PROBLEM TO WORK ON
Gather every line from the entries below that includes "ALCo".
* * * * * * * * *
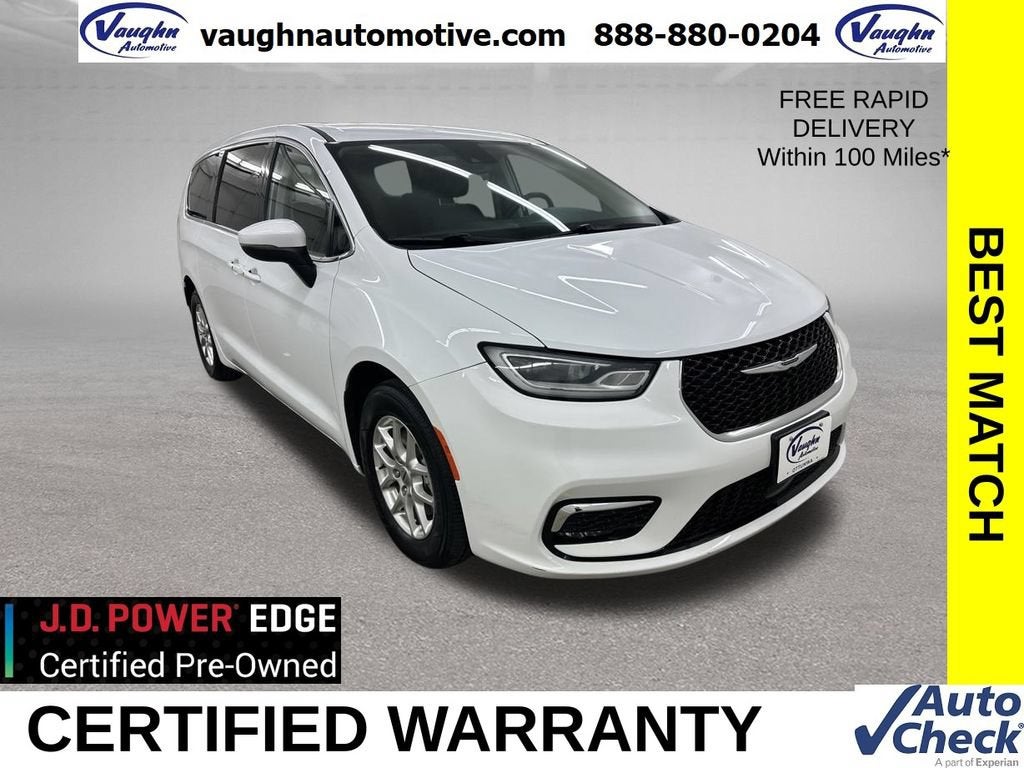 2023 Chrysler Pacifica Touring L in White — front three-quarter view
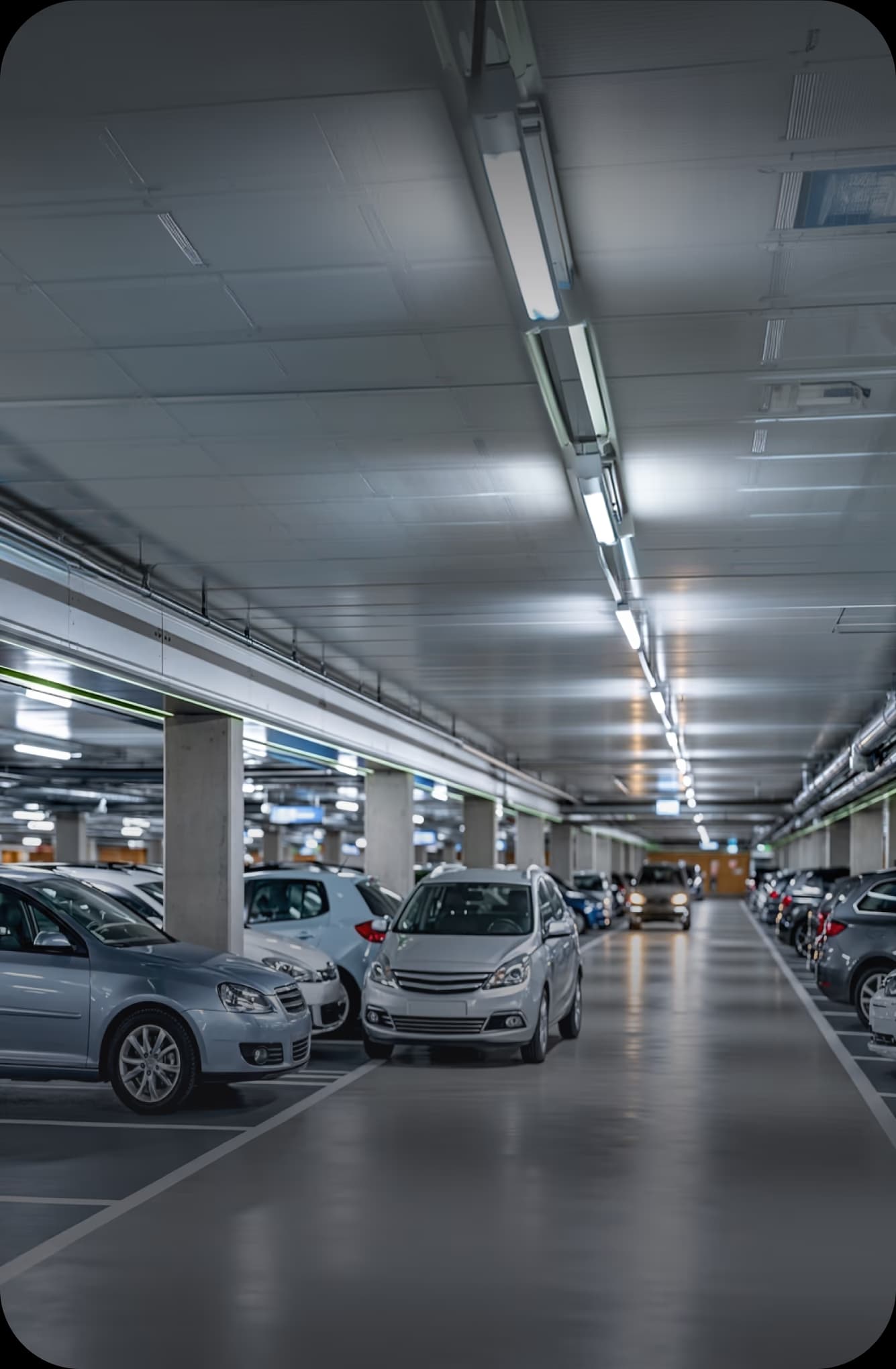 A blocked underground garage ramp with a narrow entrance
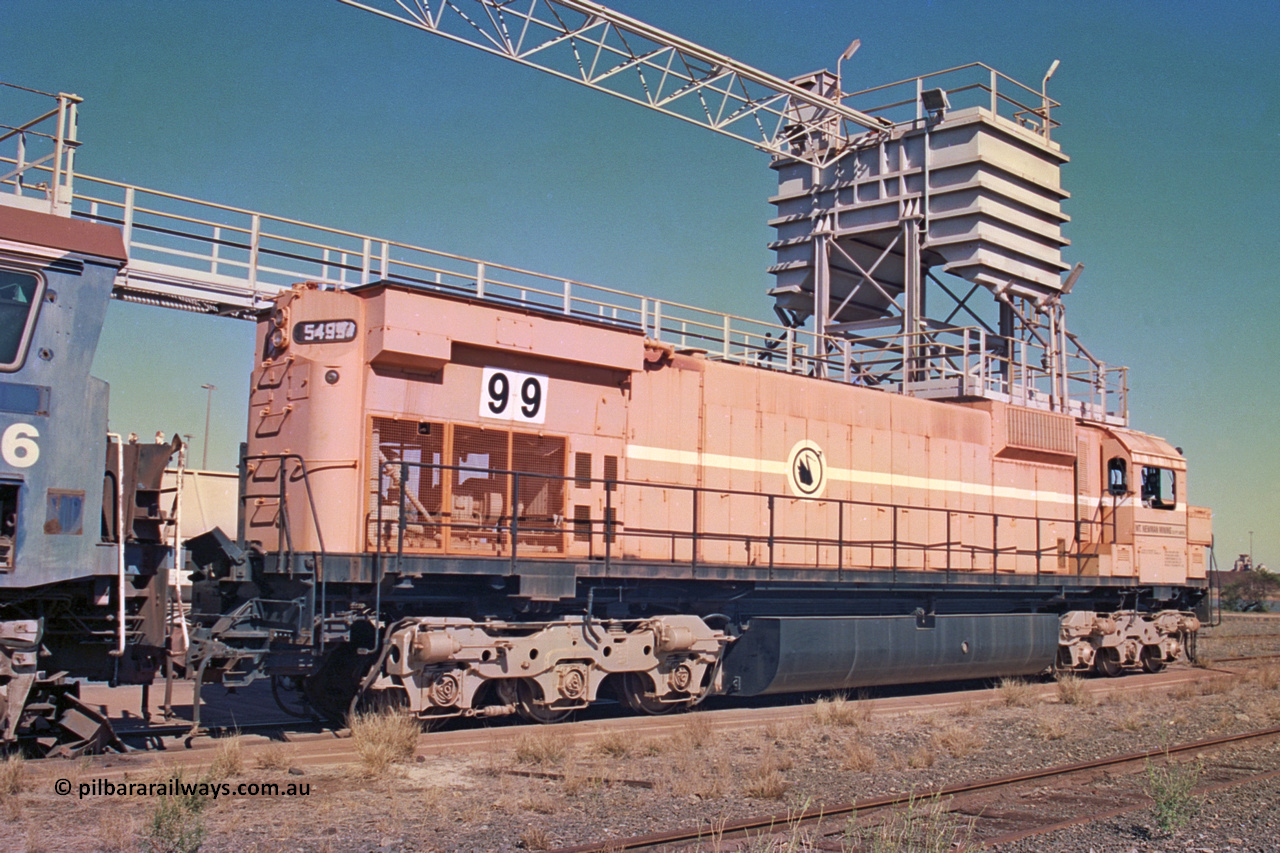 258-19
Nelson Point, old Loco Prep, Mt Newman Mining's last in-service ALCo M636 unit 5499 serial C6096-4 built by Comeng NSW sits awaiting partial dismantling before being sent by road to Rail Heritage WA's museum at Bassendean, Perth for preservation. May 2002.
Keywords: 5499;Comeng-NSW;ALCo;M636;C6096-4;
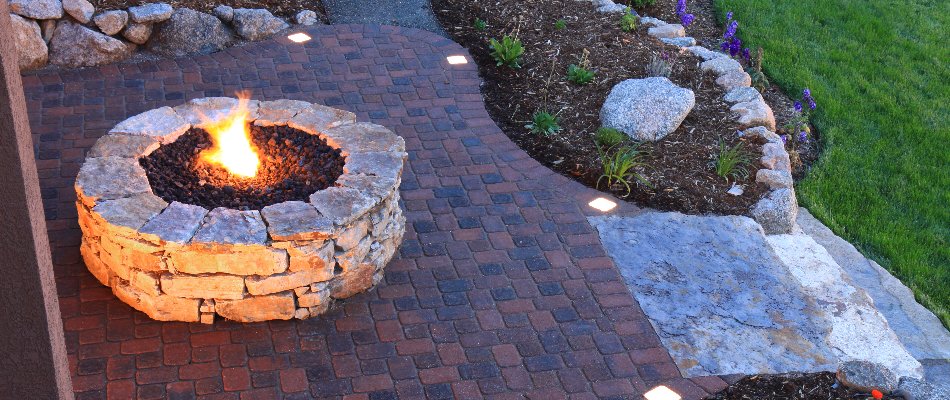 Circular fire pit with flames on a property in Matthews, NC.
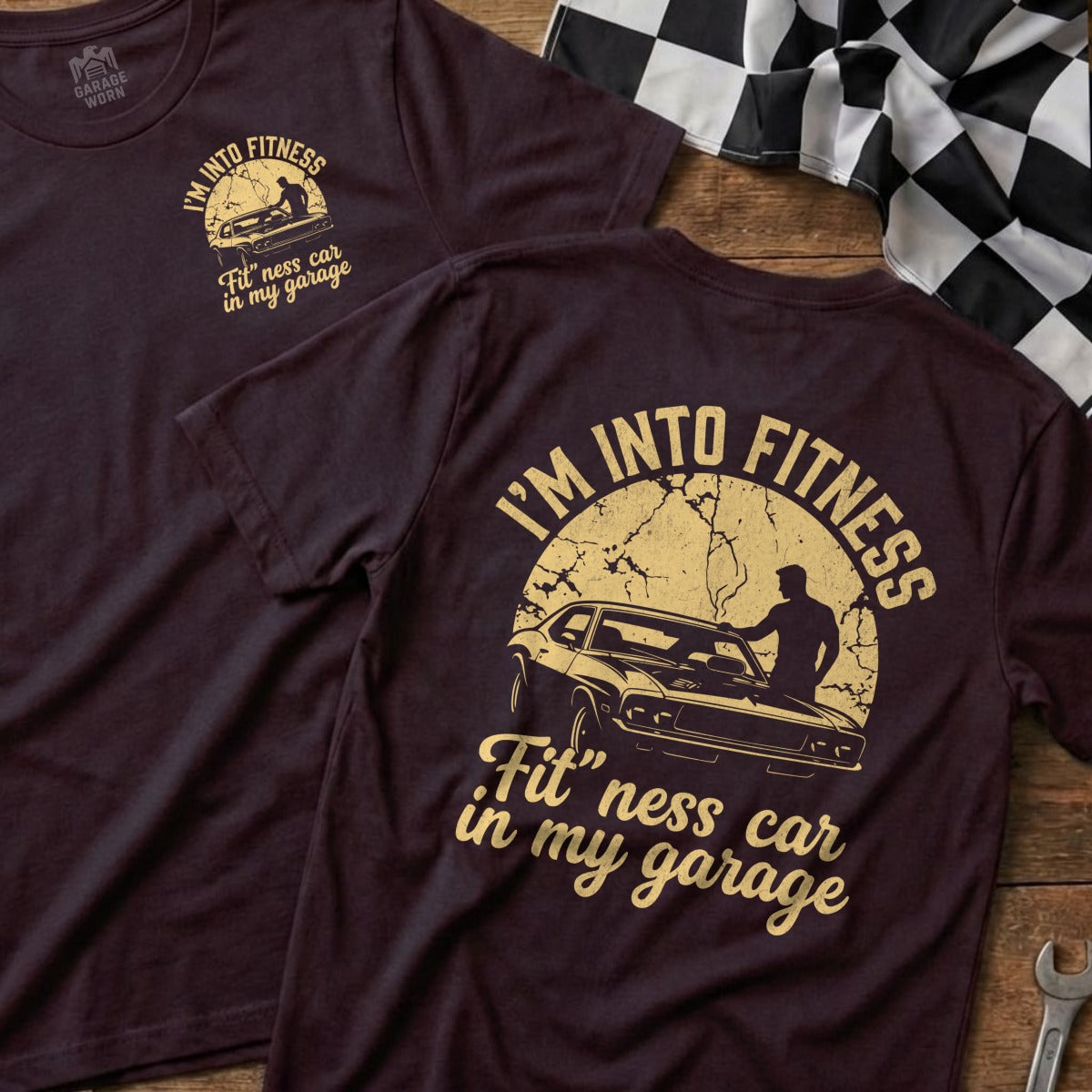 T-shirt with "I'M INTO FITNESS Fit' ness car in my garage" text and car graphic.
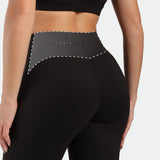 a back view for fit woman wearing legging  black with logo 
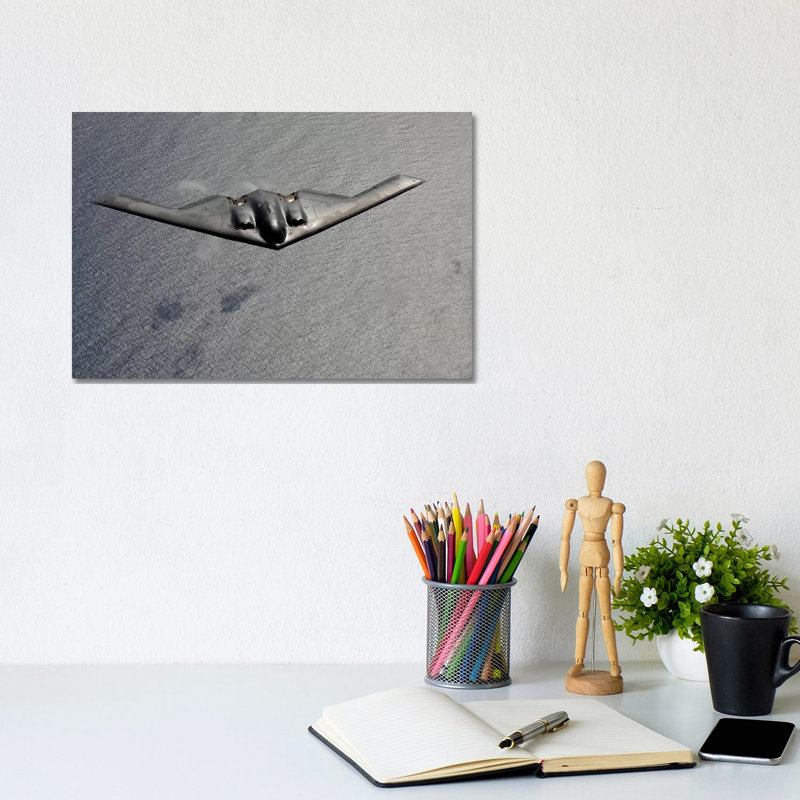 A B-2 Spirit Flies Over The Pacific Ocean - Wrapped Canvas Print, 20.32 cm H x 30.48 cm W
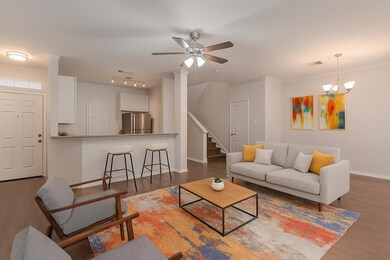 Living area with dark wood-style floors, a ceilin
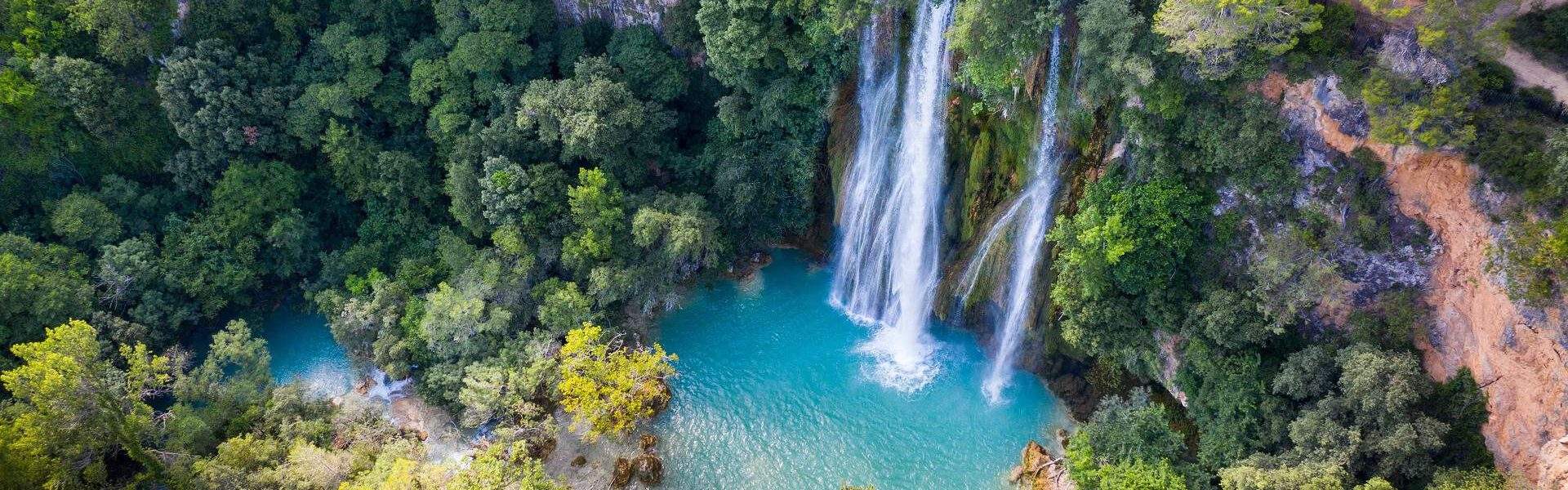 A thick forest surrounds a waterfall that flows into a calm river.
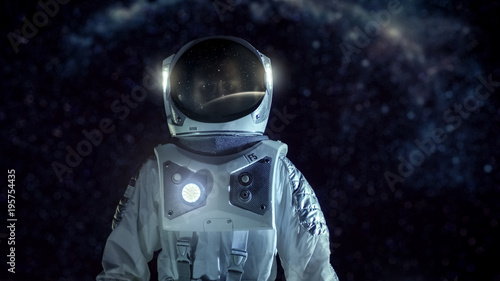 Fototapeta Naklejka Na Ścianę i Meble -  Courageous Astronaut in the Space Suit Stands on the Alien Planet. Milky Way Galaxy Behind Him. Exploring Newly Discovered Planet. Space Travel and Extraterrestrial Colonization Concept.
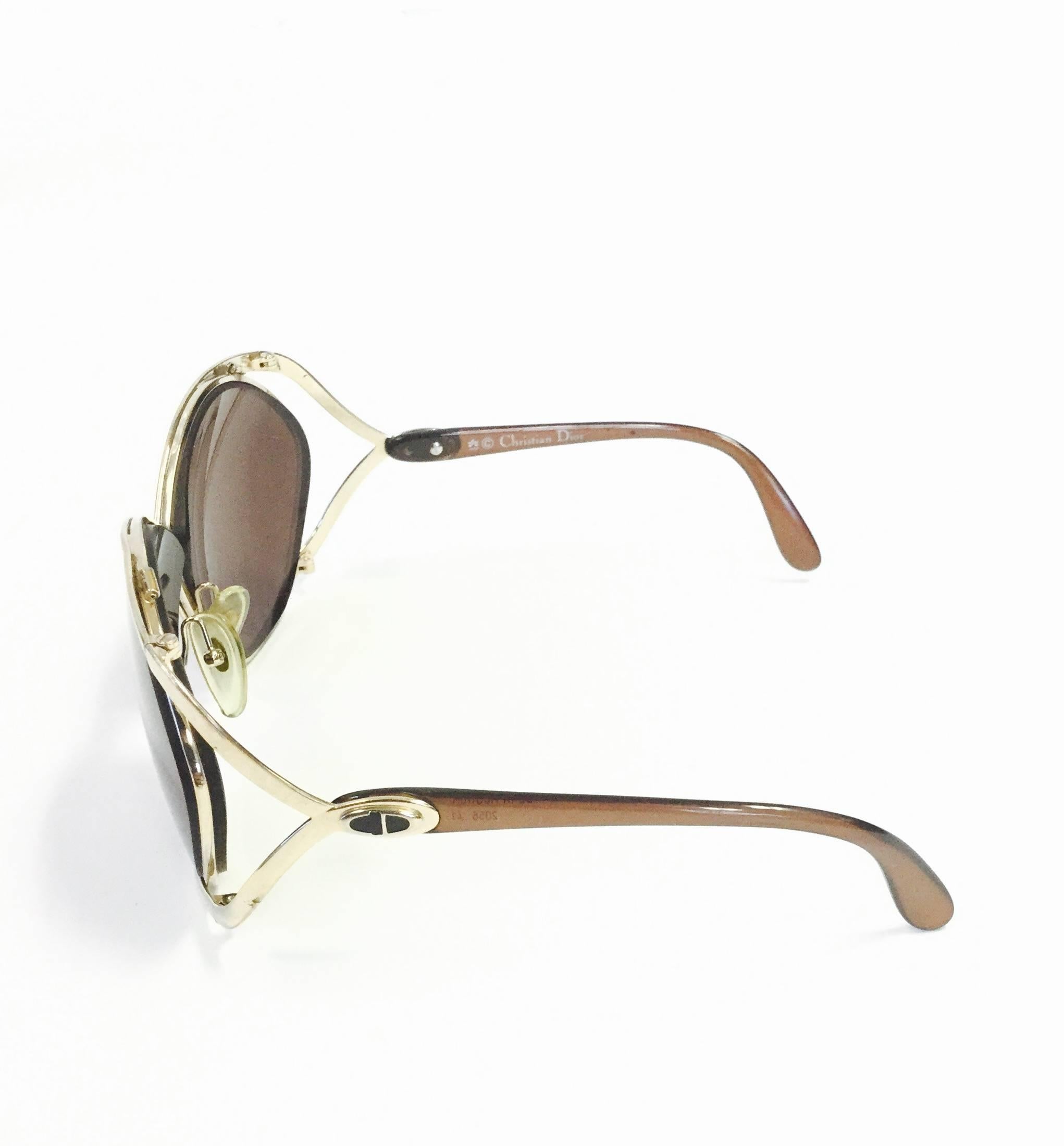 
Iconic 1980s Dior butterfly sunglasses! These glamorous, feminine sunglasses showcase Dior's famous butterfly design. The chocolate brown and gold-tone frames gently wrap around the oversized lenses. The letters "CD," for Christian Dior,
* * * * * * * * *
REPLY TO THE TASK
Nelson Point, old Loco Prep, Mt Newman Mining's last in-service ALCo M636 unit 5499 serial C6096-4 built by Comeng NSW sits awaiting partial dismantling before being sent by road to Rail Heritage WA's museum at Bassendean, Perth for preservation. May 2002.
Keywords: 5499;Comeng-NSW;ALCo;M636;C6096-4;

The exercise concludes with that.